(What you will do)
Repeat every record exactly, but keep images out of the copy.

(Raw data)

——

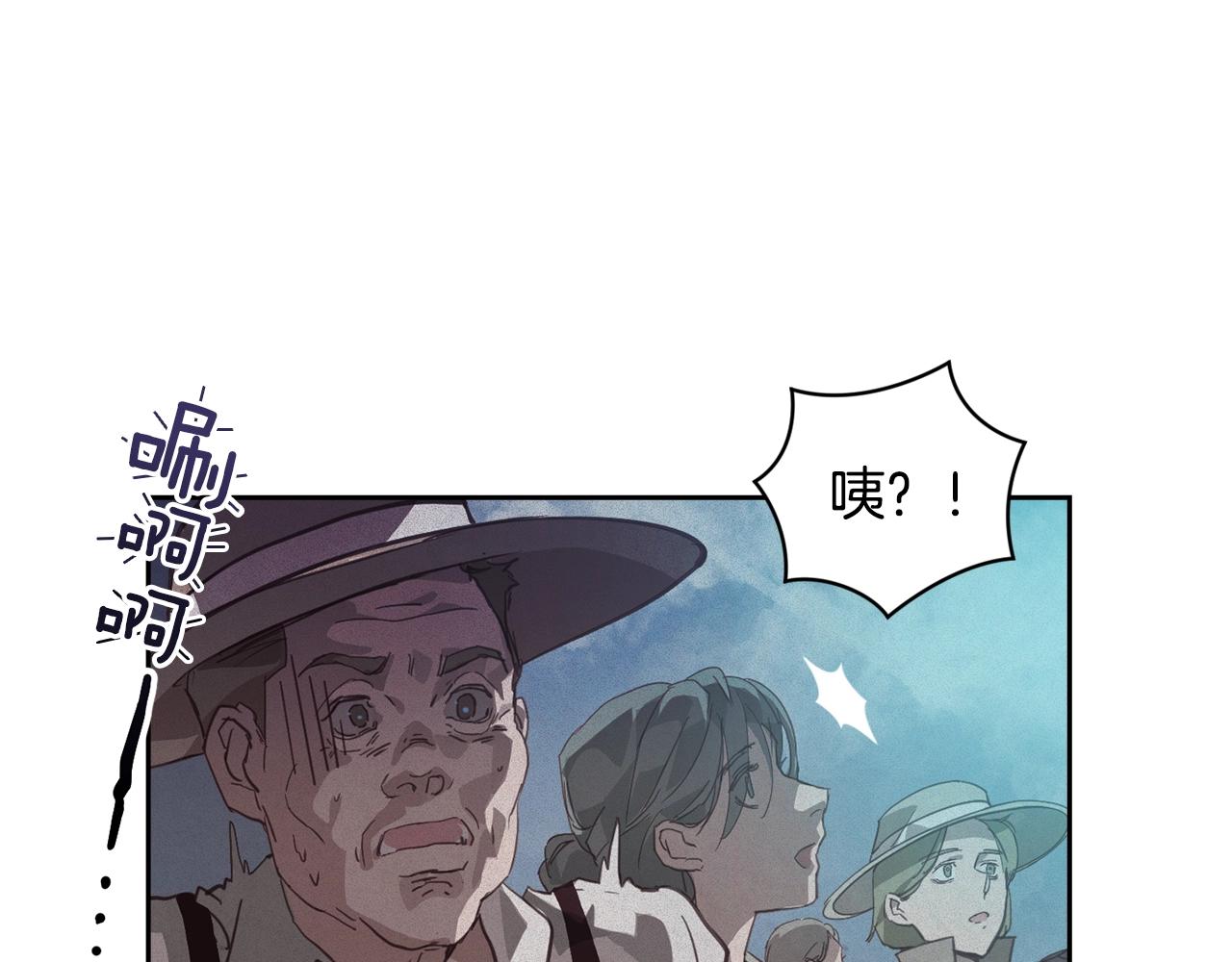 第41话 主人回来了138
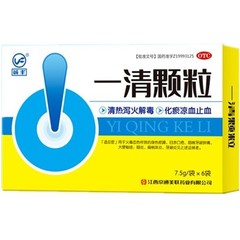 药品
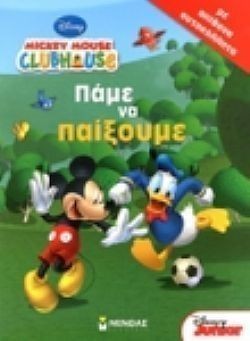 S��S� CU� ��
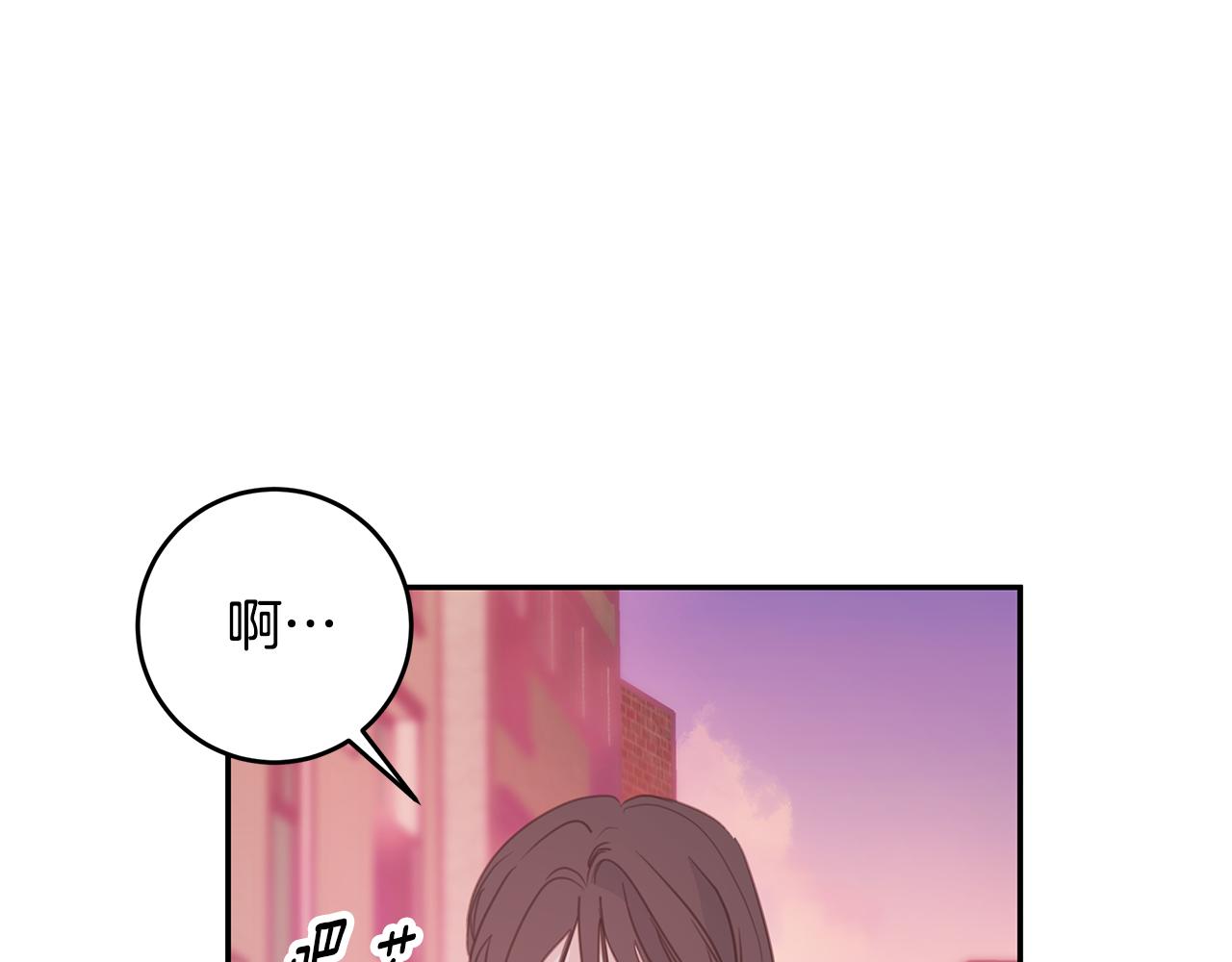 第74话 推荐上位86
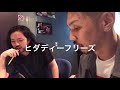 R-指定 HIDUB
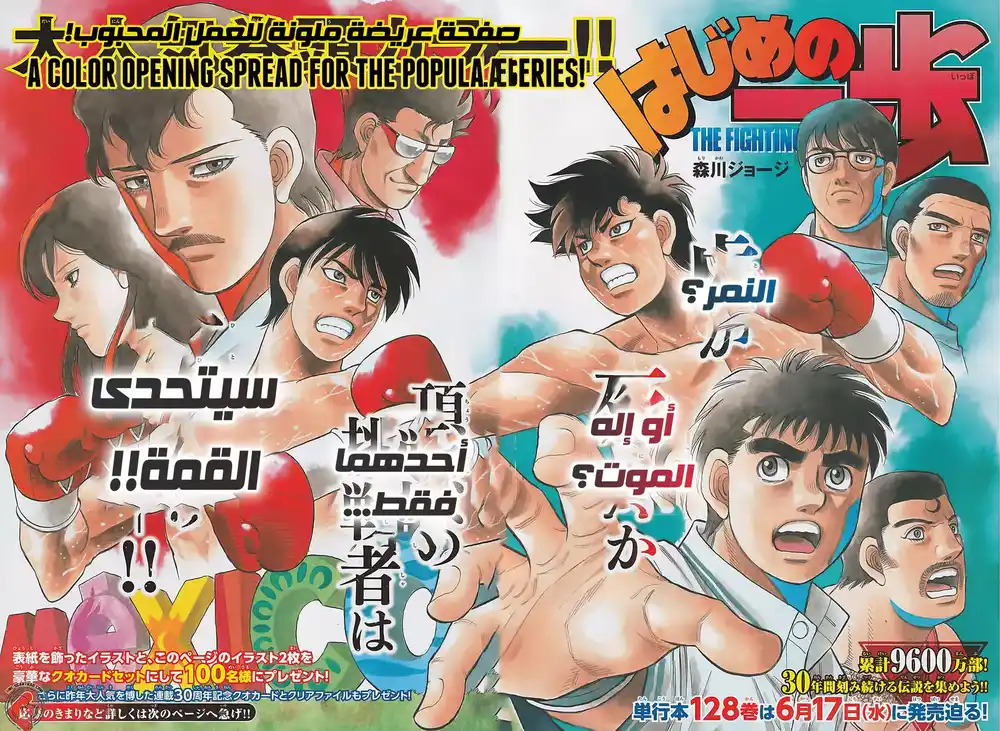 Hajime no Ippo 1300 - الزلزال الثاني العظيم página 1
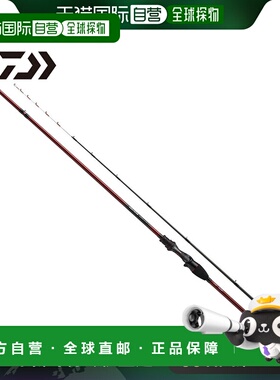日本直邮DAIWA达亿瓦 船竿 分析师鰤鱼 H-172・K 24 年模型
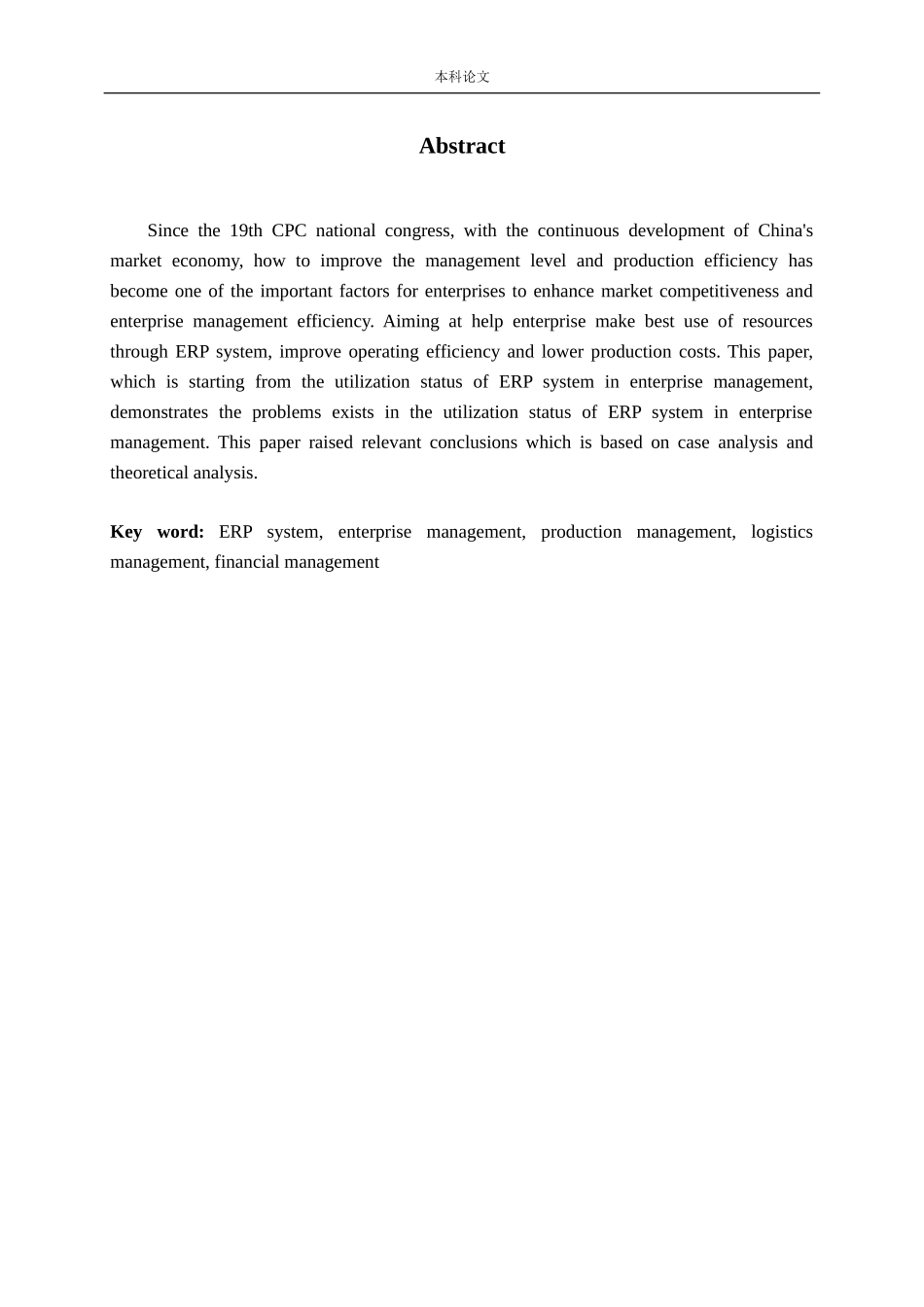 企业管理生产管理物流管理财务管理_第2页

——

(Exercise output)
 第41话 主人回来了138
 药品
 S��S� CU� ��
 第74话 推荐上位86
 R-指定 HIDUB
 Hajime no Ippo 1300 - الزلزال الثاني العظيم página 1
日本直邮DAIWA达亿瓦 船竿 分析师鰤鱼 H-172・K 24 年模型
 企业管理生产管理物流管理财务管理_第2页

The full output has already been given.